А сегодня думаю об историческом времени. Историческое время? Останавливаясь на минуту перед особняком, где жил некогда Пушкин, или идя мимо дома, в котором умер Гоголь, мы переносимся в эпоху, когда они писали, любили, шутили, путешествовали, и старые стены вызывают в нашем сердце чувство не менее сложное и волнующее, чем в детстве, — занавес в театре при медленно потухающей люстре… Мы, сами не осознавая того, переживаем большие, важные минуты, наша душа наслаждается особым богатством; она живет одновременно в двух веках — сегодняшнем и минувшем. Она вошла в историческое время — совершенно особое, потому что в нем мы становимся вездесущими и бессмертными, как античные боги. Мы можем услышать живой голос Пушкина и увидеть живую улыбку Гоголя и можем пережить ни с чем не сравнимое чувство освобождения от остросегодняшнего, сиюминутного, чтобы потом, вернувшись к нему, по-новому его увидеть, понять и новым смыслом наполнить. Историческое время — это сегодня плюс века, плюс тысячелетия; это я плюс миллионы людей, которые до меня жили.
Было бы наивно утверждать, что этих чувств люди не испытывали раньше, что историческое время стало доступным лишь человеку второй половины XX столетия. Конечно, во все века сердце человека хотело вобрать в себя больше, чем отпущено на одну человеческую жизнь. Но, кажется мне, именно сегодня, когда рождается переживание истории человечества как чего-то личного и сама история делается живой человеческой общностью, развивается в человеке совершенно новое чувство, которое можно назвать историческим, — именно сегодня мы входим в историческое время, как входят в море…
Я пишу эти строки на берегу Балтийского моря, недавно было оно покрыто льдом, и не верилось, что это море, думалось: белое холмистое поле.
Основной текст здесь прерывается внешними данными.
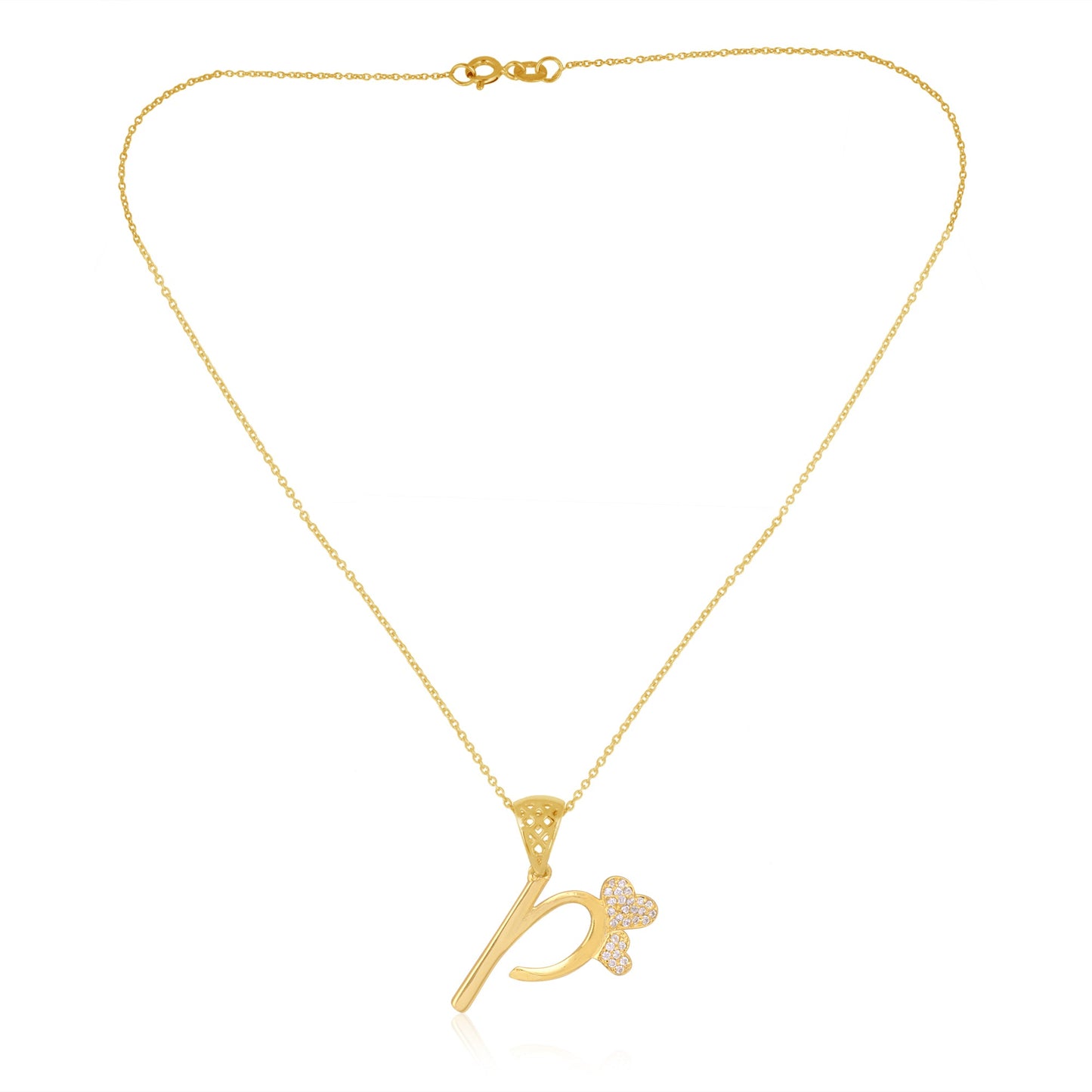 925 Sterling Silver P Alphabet Pendant For Girls And Women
Но вот утром к вышел на балкон, и меня ослепило резко-синее, живое. За одну ночь южный ветер съел лед — море раскрылось.
А через несколько дней в старых соснах, на берегу, пели соловьи.
На вечере бестужевок, когда уже все собрались расходиться и говорили стоя самое последнее, кто-то из женщин рассказал, что ее родственница училась в гимназии с дочерью Анны Керн и она видела ее — дочь возлюбленной Пушкина — летом на даче сидели за одним столом на веранде, пили из самовара чай…
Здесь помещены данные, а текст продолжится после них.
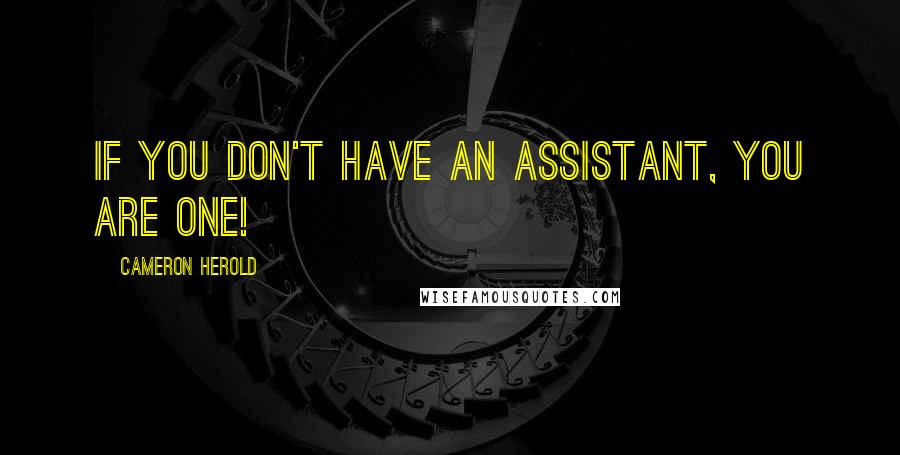 Cameron Herold Quotes: If you don't have an assistant, you are one!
Это мимолетное и, в сущности, малозначительное воспоминание поразило меня не меньше, чем если бы я увидел человека, стоящего рядом с Лаурой, воспетой Петраркой, в Авиньонской церкви. Меня оно поразило потому, что я подумал, ощутил: если дотронусь сейчас до руки старой бестужевки, то почувствую тепло руки Пушкина. Я с каким-то суеверным чувством дотронулся, коснулся. И почувствовал в самом деле тепло пушкинской ладони.
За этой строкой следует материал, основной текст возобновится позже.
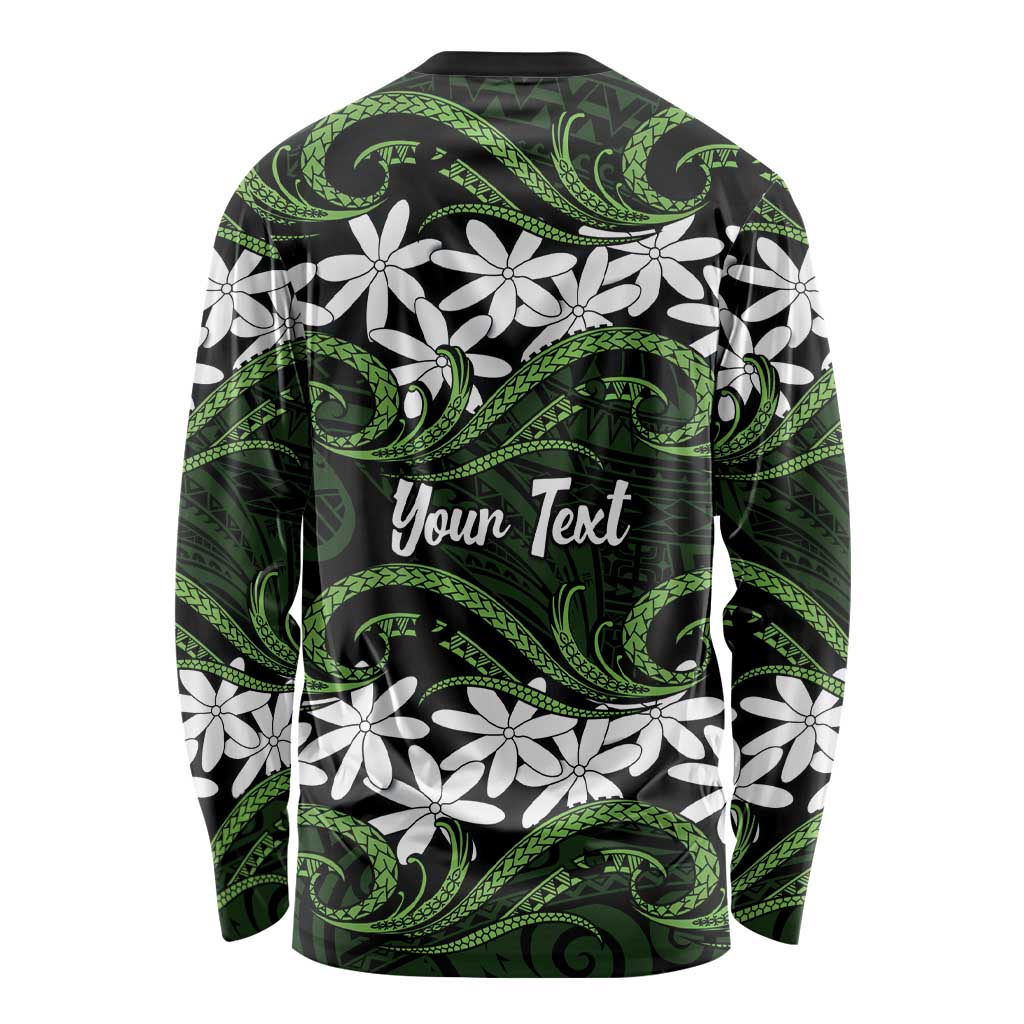 Personalised Cook Islands Palmerston Long Sleeve Shirt Tiare Maori Polynesian Waves Tattoo LT14 - Polynesian Pride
Когда я ощутил нежное, сухое тепло руки Пушкина, коснувшись старой-старой руки (руки у них, у бестужевок, одряхлели больше лиц), я подумал, что бессмертие не выдумано философами и поэтами. Иногда достаточно легко, почти неслышно дотронуться до чьей-то ладони, чтобы утвердиться в его реальности.
Старый парус
А сейчас в старинной почтовой карете въедем в старый Париж — Париж XVIII века…
Он смутно ширится над мостами, соединяющими берега Сены, — Париж почерневших соборов, живописных жилищ, лавок ювелиров, аристократических аллей, шумных рынков, немощеных улиц, каменоломен и Париж чердаков, где жили и мыслили философы…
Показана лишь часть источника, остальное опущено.